(Web page caption snippets)

_____

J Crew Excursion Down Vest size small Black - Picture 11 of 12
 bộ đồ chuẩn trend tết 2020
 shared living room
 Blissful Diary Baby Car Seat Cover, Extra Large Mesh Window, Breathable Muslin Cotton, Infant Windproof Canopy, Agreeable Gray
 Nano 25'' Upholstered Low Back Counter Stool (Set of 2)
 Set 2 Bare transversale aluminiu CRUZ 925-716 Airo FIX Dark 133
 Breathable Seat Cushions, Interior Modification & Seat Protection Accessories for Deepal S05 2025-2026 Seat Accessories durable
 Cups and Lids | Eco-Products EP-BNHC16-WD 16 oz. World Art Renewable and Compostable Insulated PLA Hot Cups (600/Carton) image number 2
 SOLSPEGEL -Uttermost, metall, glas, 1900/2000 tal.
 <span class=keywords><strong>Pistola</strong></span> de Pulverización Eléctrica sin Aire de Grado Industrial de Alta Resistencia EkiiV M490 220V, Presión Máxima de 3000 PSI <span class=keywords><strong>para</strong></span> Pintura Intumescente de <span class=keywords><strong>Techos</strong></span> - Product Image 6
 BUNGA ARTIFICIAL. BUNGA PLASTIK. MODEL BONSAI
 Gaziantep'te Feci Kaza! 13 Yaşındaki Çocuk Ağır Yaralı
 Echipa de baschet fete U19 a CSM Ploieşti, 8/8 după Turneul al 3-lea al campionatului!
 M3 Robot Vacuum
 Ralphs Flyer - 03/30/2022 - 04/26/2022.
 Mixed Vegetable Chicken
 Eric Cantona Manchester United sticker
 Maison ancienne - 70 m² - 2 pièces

_____

### Task item
Output the lines from the one with "Cups and Lids" to the final line of the entries above, exactly as they stand, please, and nothing else.

### Solution for this problem
 Cups and Lids | Eco-Products EP-BNHC16-WD 16 oz. World Art Renewable and Compostable Insulated PLA Hot Cups (600/Carton) image number 2
 SOLSPEGEL -Uttermost, metall, glas, 1900/2000 tal.
 <span class=keywords><strong>Pistola</strong></span> de Pulverización Eléctrica sin Aire de Grado Industrial de Alta Resistencia EkiiV M490 220V, Presión Máxima de 3000 PSI <span class=keywords><strong>para</strong></span> Pintura Intumescente de <span class=keywords><strong>Techos</strong></span> - Product Image 6
 BUNGA ARTIFICIAL. BUNGA PLASTIK. MODEL BONSAI
 Gaziantep'te Feci Kaza! 13 Yaşındaki Çocuk Ağır Yaralı
 Echipa de baschet fete U19 a CSM Ploieşti, 8/8 după Turneul al 3-lea al campionatului!
 M3 Robot Vacuum
 Ralphs Flyer - 03/30/2022 - 04/26/2022.
 Mixed Vegetable Chicken
 Eric Cantona Manchester United sticker
 Maison ancienne - 70 m² - 2 pièces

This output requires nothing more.